If you can get it, it’s worth knowing the form.
The Texas Chain Saw Massacre (the asymmetric multiplayer one)
Sumo Nottingham, 2023. Same asymmetric formula — survivors versus the Slaughter family, three of them, including Leatherface. The game is meaner than Friday the 13th: The Game ever was. The family doesn’t have to play fair. The survivors don’t get a respawn. It’s the closest thing to actually being in the movie, and it’s the rare licensed horror game that respects the source material as much as it wants you to buy the cosmetic skins.
Dead by Daylight
I know, I know. But if you’re coming from The Quarry and you want the slasher fantasy from the killer side, Dead by Daylight is the thing. Eight years of content. Every horror IP they could license. The Casting of Frank Stone (also Supermassive) is set in this universe.

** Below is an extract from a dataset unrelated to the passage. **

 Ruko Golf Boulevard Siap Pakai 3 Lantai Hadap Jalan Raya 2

Play it for forty hours. Quit before you hit two hundred. That’s the law.
House of Ashes
Dark Pictures Anthology. Iraq War setting. Not a slasher by any common reading, but the cave geography does slasher work — you’re hunted, you can’t see far, the dark is bigger than your flashlight. If The Quarry’s third act was your favorite (the part where the cabin gets locked down and the QTEs get teeth), House of Ashes is what you want next.
Camp Mars
An indie I keep recommending and nobody plays. Tiny, weird, summer-camp-set, and meaner than its production values should let it be. About eight hours. Some janky controls. The setting goes places I won’t spoil. If you finished The Quarry and want something rough and indie that’s still recognizably in the lineage, this is the one.

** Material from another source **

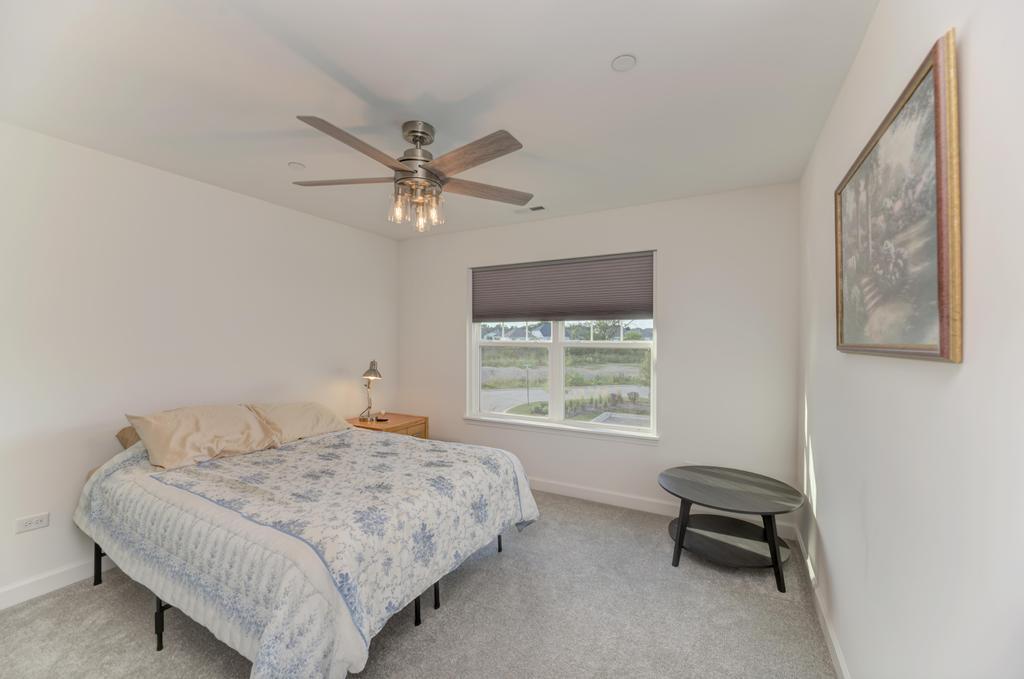 257 MASTERS Drive, Addison, IL 60101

The Casting of Frank Stone
Same Supermassive team, tighter format, Dead by Daylight universe but standalone. Six hours, dual timeline (1980 and present day), choices that bleed across. The 1980 sections in particular hit a slasher register that The Quarry was aiming at. If you bounced off The Devil in Me’s pacing, Frank Stone is the corrective.
As Dusk Falls
Different style but the closest thing to The Quarry’s “watch with friends” social mode. Up to eight players choosing together on couch or remote. Two families, decades apart. Not a slasher exactly, but the structural DNA is The Quarry’s — choices that span generations, characters who can die.
What’s in the lineage
What The Quarry is doing that nobody else is doing well: it’s the only modern game that treats the summer-camp slasher as a respectable genre worth honoring. The Friday the 13th franchise is in legal limbo. The Halloween franchise is being squeezed for sequels nobody wants. The slasher as a cinematic form has been folded into elevated horror or trauma horror, neither of which has the same teeth as a kid in a hockey mask cutting through a counselor cabin.

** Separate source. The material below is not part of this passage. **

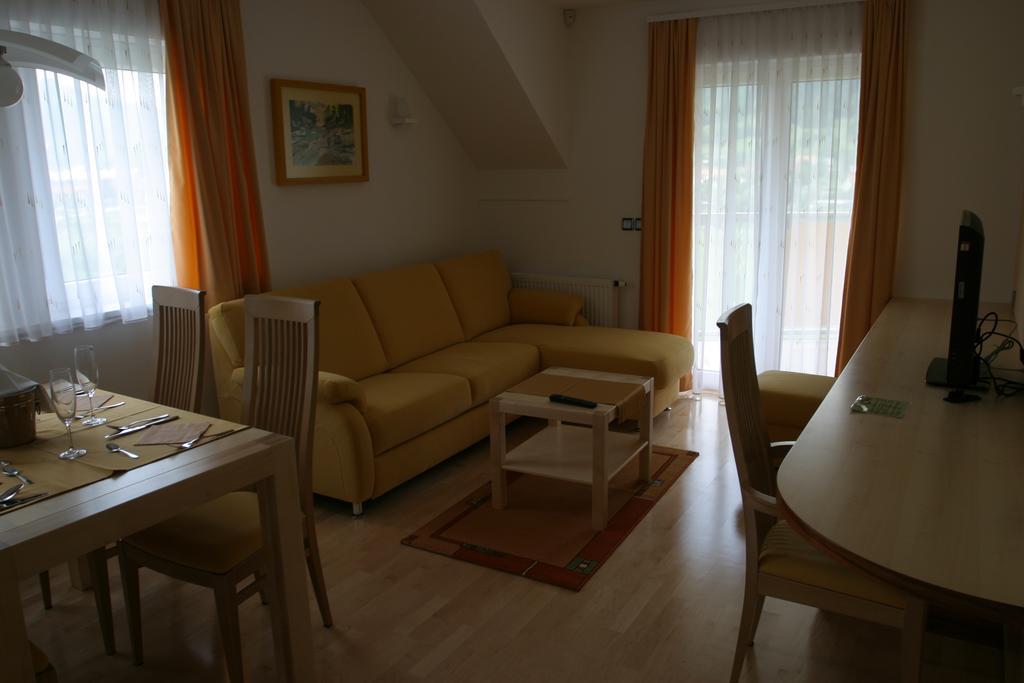 Apartments Veno Лашко Екстер'єр фото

The Quarry remembers what the genre was for. The genre was for being scared together with a friend at 1am with the windows open.
Where I’m headed
I’m a solo developer working on The Bone Game, a cinematic horror game in this lineage. Six teenagers, a Friday night, a story told from a treehouse. Not a slasher exactly — more a frame narrative — but the same blood in the structure. The treehouse plays the role of the cabin. The teenagers play the role of teenagers, because that’s still what works.